ちょっと難しい話になるんですけど、コーヒーの品質の良し悪しではなくて、世界の需要と供給の量によって値段が変動するんですね。なので、需要が高くて共有が少なければ値段は高くなるし、その逆であれば値段がどんどん安くなっていきます。
▽西本
そうなんだ。今年美味しいからって言って高いわけじゃないんですね。
コーヒーの価格は『先物市場』で決まる
▼萩原
度々、コーヒーの価格っていうのは大暴落を起こしているんですね。世界一の生産国はブラジルなんですが、ブラジルで例えばいっぱい採れすぎると、コーヒー全体の値段は下がってしまうことになるんです。
そうなると、コーヒーを作るコストが利益を上回ってしまう。売っても儲からない、赤字になってしまう。そんな状況が、度々世界で起こっています。
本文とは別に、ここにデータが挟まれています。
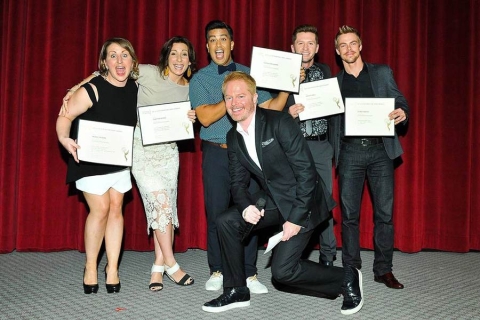 Jesse Tyler Ferguson (front) with choreography nominees (l-r): Mandy Moore, Tabitha D'Umo, Napoleon D'Umo, Travis Wall and Derek Hough at the Choreographers Nominee Reception in North Hollywood, California.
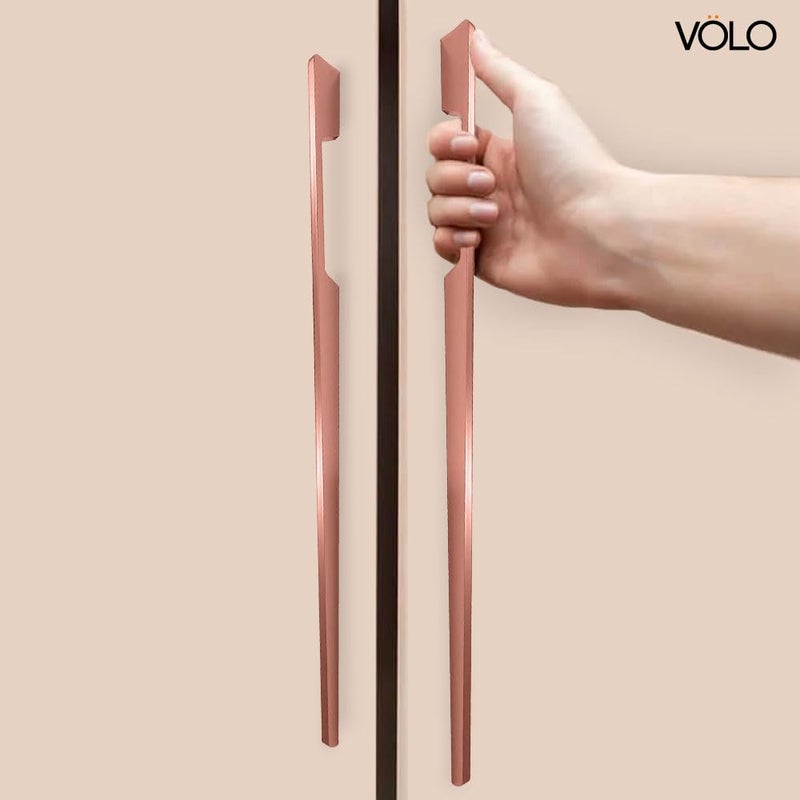 Volo VOLO Aluminium Wardrobe Handle Elegant Pull Handle for Wardrobe Doors Cabinet Doors and Drawers in Kitchen Office and Bedroom Pack of 2 Pieces SAC40 Rose Gold 24 Inch 600mm  - Image 4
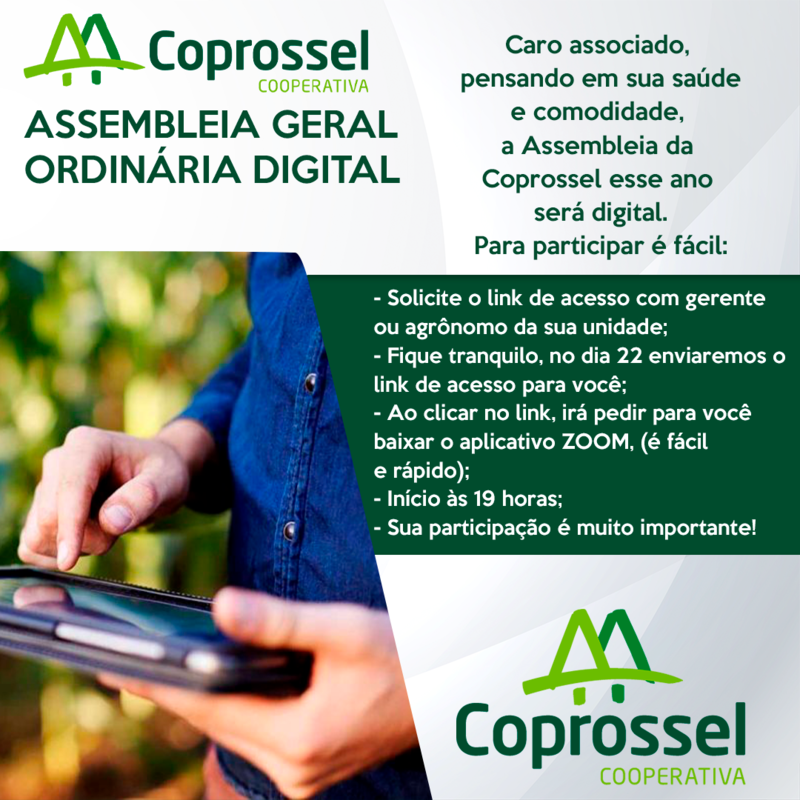 AGO digital da Coprossel levarÃ¡ seus Ãªxitos e projetos para 2021 a todos os cooperados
それが続くとどうなるかというと、コーヒーを作っても儲からないから、コーヒーを作るのをやめる人が増えてきますよね。
▽西本
そうですよね。赤字ではやる意味ない。やる気がでませんよね。
▼萩原
そうなると、コーヒーっていう文化そのものが途切れてしまうことになります。それを食い止めるべく起こったのが、スペシャルティコーヒーの前身となる、グルメコーヒーという流れです。
作った人と出来るだけ直接取引をする。そうすることで、美味しいものを作った人には、それだけ高いお金を払うっていう仕組みをつくろうと。こういった動きが、アメリカで起こったんです。そこから発展していったのが、スペシャルティコーヒーなんです。
▽西本
この人が作ったコーヒーは美味しいから、今年も買おう!とか、2倍の値段で買おう!とか。そういうことですね。
それなら作ってる人もプライドを持てると思いますし、いいサイクルが起きそうですね!
▼萩原
そう、その通りなんです。美味しいものを作ったら、その分だけ高い値段で買ってもらえるので、生産者のモチベーションも上がるし、僕たちも美味しいコーヒーを飲めて嬉しいしっていう流れが、スペシャルティコーヒーが担う大事なところなんですよね。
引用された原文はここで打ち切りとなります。